Repeat the lines from the one containing "2023 Genesis GV70 2.5T Select" through the end of the listing exactly, both ends included. Do not carry over any pictures.

The data:
"""

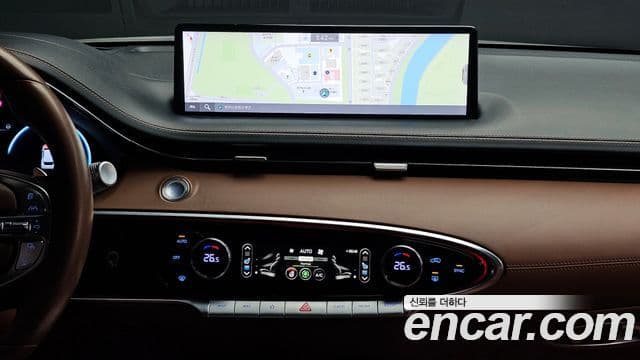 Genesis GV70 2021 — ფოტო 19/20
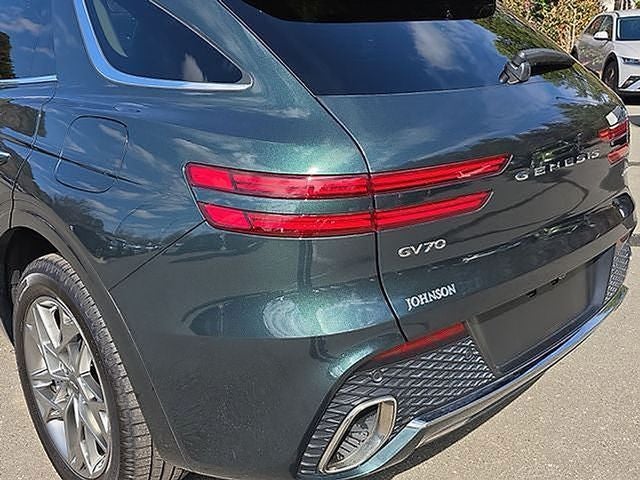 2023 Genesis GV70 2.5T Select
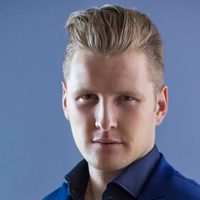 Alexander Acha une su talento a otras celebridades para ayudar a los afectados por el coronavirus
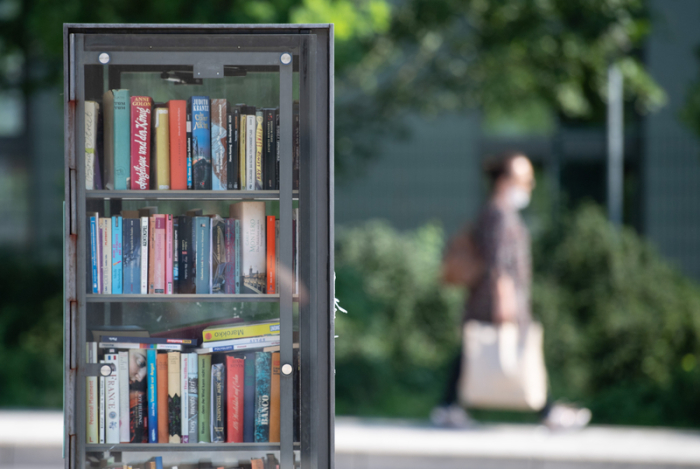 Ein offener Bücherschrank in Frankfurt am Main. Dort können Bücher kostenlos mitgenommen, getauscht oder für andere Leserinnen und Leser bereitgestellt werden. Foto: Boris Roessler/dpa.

"""

Reply to the task:
 2023 Genesis GV70 2.5T Select
 Alexander Acha une su talento a otras celebridades para ayudar a los afectados por el coronavirus
 Ein offener Bücherschrank in Frankfurt am Main. Dort können Bücher kostenlos mitgenommen, getauscht oder für andere Leserinnen und Leser bereitgestellt werden. Foto: Boris Roessler/dpa.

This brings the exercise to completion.